La contrainte pour ouvrir à la liberté autonome

Ces deux axes, la contrainte et la liberté, se retrouvent dans l’éducation traditionnelle. Il y a une certaine contrainte quand on demande aux enfants d’obéir à l’adulte, de faire comme les Anciens, de réciter le traditionnel, etc. Mais dans l’éducation traditionnelle on explique toujours aux jeunes pousses l’importance de gestes et choses qu’on exige d’elles : apprenez ce qu’on vous demande là, ça vous sera utile si on vous demande de prendre la parole dans une assemblée, si vous vous retrouvez un jour seul en brousse, ou si quelqu’un vient vous attaquer à votre domicile, etc. Et on se rappellera que durant l’initiation on laisse les néophytes seuls en brousse sans moyens, pour se rendre compte s’ils sont à même de se tirer d’affaire.
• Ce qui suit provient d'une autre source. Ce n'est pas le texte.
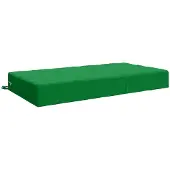 vidaXL Zitkussen SOEST 100% Polyester Groen 120 x 80 x 15 cm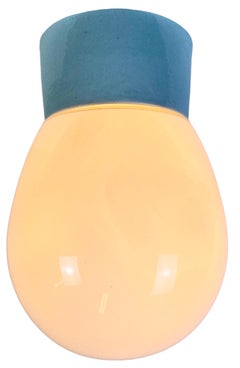 Deckenleuchte aus weißem Porzellan, 1970er-Jahre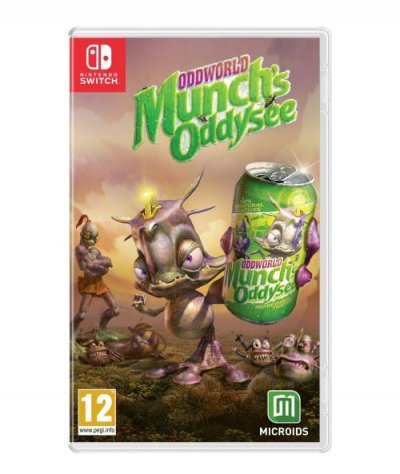 JUST FOR GAMES Oddworld Munch's Oddysee Nintendo Switch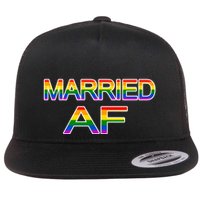 Gay Pride Married AF Marriage Equality Flatbill Hat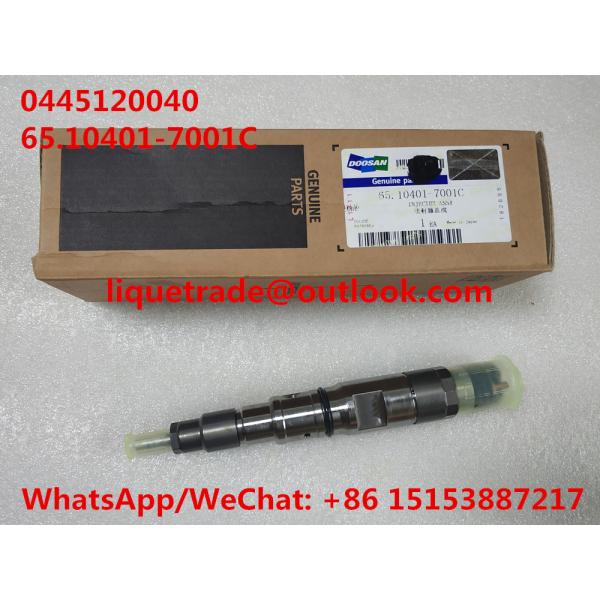 BOSCH Genuine injector 0445120040 , 0 445 120 040 , 0445 120 040 for DAEWOO DOOSAN 65.10401-7001C , 65.10401-7001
Dans l’éducation traditionnelle, on laisse aussi à l’enfant une certaine liberté de mouvement, de recherche et d’action. La liberté qui lui est accordée lui permet de recueillir toutes sortes de renseignements sur le milieu ambiant. En errant seul ou avec ses parents ou ses camarades, il apprend à connaître les animaux, les insectes, les oiseaux, les arbres, etc. Il n’est pas perturbé par un enseignement rigide et formel sans rapport avec ses préoccupations et ses intérêts. Les parents laissent leurs enfants s’adonner aux occupations et aux jeux de leur choix, mais à condition qu’ils ne soient pas nuisibles à leur santé.

C’est cette contrainte nécessaire et cette liberté d’action, de mouvement et de recherche qui se rencontrent dans l’éducation traditionnelle, et sur lesquelles insistent les auteurs que nous avons étudiés, que nous souhaitons retrouver dans l’école du Kasaï pour que l’apprenant construise des connaissances qui aient un sens pour lui.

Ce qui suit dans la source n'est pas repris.